SUPPLIED INFORMATION below:
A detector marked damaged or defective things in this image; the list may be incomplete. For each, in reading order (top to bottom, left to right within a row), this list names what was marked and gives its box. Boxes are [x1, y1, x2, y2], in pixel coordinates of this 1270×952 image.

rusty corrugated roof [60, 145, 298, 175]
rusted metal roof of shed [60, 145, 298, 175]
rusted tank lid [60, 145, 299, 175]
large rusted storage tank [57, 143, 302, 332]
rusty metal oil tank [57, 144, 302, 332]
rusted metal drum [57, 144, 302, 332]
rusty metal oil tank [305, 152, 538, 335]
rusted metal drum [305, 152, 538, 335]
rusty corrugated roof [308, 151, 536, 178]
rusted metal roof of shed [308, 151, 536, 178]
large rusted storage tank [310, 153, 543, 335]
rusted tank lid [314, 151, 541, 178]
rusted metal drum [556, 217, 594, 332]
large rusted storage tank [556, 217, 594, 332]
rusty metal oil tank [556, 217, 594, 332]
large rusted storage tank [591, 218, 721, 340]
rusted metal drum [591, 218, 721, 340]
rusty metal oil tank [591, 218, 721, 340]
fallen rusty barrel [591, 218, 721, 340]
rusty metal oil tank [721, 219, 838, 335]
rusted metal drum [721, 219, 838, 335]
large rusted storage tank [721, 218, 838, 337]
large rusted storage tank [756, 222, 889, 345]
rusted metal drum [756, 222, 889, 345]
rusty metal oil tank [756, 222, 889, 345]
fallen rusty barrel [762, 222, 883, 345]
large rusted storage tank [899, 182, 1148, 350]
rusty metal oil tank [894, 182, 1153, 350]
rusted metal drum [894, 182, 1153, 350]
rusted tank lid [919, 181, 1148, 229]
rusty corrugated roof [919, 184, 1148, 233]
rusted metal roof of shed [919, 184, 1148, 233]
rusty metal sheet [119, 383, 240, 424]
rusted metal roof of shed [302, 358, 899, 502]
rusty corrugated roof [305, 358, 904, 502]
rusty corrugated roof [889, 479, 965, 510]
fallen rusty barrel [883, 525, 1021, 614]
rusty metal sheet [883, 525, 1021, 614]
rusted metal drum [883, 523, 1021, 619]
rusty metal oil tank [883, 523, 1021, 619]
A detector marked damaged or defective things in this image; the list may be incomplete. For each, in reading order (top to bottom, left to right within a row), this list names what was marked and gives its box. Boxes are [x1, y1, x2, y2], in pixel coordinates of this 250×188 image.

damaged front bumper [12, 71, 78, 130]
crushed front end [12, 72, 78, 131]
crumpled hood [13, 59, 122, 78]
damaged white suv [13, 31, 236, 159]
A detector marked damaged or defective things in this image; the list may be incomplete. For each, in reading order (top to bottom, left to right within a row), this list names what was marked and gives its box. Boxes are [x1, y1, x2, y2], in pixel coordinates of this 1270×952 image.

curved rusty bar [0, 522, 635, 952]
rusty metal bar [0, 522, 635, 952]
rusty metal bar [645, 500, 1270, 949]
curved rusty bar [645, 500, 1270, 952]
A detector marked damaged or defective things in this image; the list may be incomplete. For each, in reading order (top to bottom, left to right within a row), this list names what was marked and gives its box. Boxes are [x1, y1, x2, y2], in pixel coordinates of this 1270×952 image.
End of SUPPLIED INFORMATION.
WORK TASK:
Your answer must be the line containing "this 250×188 image." and every line after it through the end of the records above, reproduced exactly and alone.

ANSWER BOX:
A detector marked damaged or defective things in this image; the list may be incomplete. For each, in reading order (top to bottom, left to right within a row), this list names what was marked and gives its box. Boxes are [x1, y1, x2, y2], in pixel coordinates of this 250×188 image.

damaged front bumper [12, 71, 78, 130]
crushed front end [12, 72, 78, 131]
crumpled hood [13, 59, 122, 78]
damaged white suv [13, 31, 236, 159]
A detector marked damaged or defective things in this image; the list may be incomplete. For each, in reading order (top to bottom, left to right within a row), this list names what was marked and gives its box. Boxes are [x1, y1, x2, y2], in pixel coordinates of this 1270×952 image.

curved rusty bar [0, 522, 635, 952]
rusty metal bar [0, 522, 635, 952]
rusty metal bar [645, 500, 1270, 949]
curved rusty bar [645, 500, 1270, 952]
A detector marked damaged or defective things in this image; the list may be incomplete. For each, in reading order (top to bottom, left to right within a row), this list names what was marked and gives its box. Boxes are [x1, y1, x2, y2], in pixel coordinates of this 1270×952 image.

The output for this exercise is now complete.